If you build agents and you've never looked at your trajectories for compliance shape - not aggregate compliance rate, but the per-trajectory pattern that gets averaged away - you're probably missing the failure mode that matters.

Methods & reproduction details

All code, raw pilot data, and reproduction instructions: github.com/ruairidhwm/halftrace (opens in a new tab). The diagnostic tool is on PyPI: pip install halftrace.

Models: claude-opus-4-7, claude-sonnet-4-6, claude-haiku-4-5, gpt-4.1, gpt-4o. Latest stable versions at time of testing.
N values: {5, 10, 25, 35, 50, 70, 100, 200}.
Reps: 10 per cell for Sonnet across the board; 10 for the other four at headline cells (N=25, N=100), 5 elsewhere. With 5 reps × 1.0 you rule out a true failure rate above ~45% at 95% confidence; with 10 reps × 1.0 you rule out above ~25%.
Task: find_and_synthesise - N lookups via a lookup tool plus one submit. Codeword planted on the first lookup, recall question on the last. parallel_tool_calls=False on every run; without this, the N axis collapses because Sonnet batches all N lookups into a single parallel tool_use response.
Probes: five total - state_amnesia, instruction_decay, tool_repetition, narration_substitution, premature_termination. The fifth ships with a second task (find_max); Sonnet 4.6 doesn't take the bait there either.
Total spend: ~$60 across atlas, mechanism investigation, and the long-N rescue experiments combined - 270 trajectories total. Per-trajectory cost at N=200 with prefix caching: ~$0.45 on Sonnet, ~$2.25 on Opus.
Pre-registration: HYPOTHESES.md (opens in a new tab), unchanged since before the pilots, so the divergence from prediction is visible.
Full per-cell data, every script, complete cost ledger: RESULTS.md (opens in a new tab).

Two methodological gotchas worth flagging for anyone running similar experiments:

Most published agent benchmarks don't force serial tool execution.
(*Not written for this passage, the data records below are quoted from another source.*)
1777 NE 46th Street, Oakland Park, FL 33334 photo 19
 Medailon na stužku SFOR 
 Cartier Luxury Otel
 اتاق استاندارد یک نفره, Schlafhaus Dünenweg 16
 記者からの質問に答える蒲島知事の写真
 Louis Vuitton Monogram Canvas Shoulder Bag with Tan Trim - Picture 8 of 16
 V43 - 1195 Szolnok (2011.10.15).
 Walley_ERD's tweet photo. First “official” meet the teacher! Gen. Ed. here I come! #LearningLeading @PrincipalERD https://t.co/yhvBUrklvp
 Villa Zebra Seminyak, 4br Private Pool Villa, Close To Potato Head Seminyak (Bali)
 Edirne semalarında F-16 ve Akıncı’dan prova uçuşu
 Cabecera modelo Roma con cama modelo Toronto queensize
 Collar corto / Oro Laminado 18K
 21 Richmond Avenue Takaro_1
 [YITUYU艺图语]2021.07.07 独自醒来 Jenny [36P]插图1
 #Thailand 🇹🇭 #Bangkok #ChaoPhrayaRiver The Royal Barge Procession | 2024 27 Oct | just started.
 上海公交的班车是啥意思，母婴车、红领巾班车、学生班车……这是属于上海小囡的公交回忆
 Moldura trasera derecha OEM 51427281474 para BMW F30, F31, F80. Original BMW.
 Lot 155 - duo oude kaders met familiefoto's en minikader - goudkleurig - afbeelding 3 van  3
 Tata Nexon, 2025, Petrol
Without parallel_tool_calls=False (or the Anthropic equivalent), trajectory length isn't being measured - the model collapses the trajectory into a single round trip.
At 3 reps per cell, bimodal data masquerades as smooth decay. I almost wrote up a "halftrace = 8.06" finding mid-pilot before extra reps revealed it was a lucky draw of three abandon-mode trajectories from a bimodal distribution. Five reps to spot bimodality, ten to estimate the rate stably.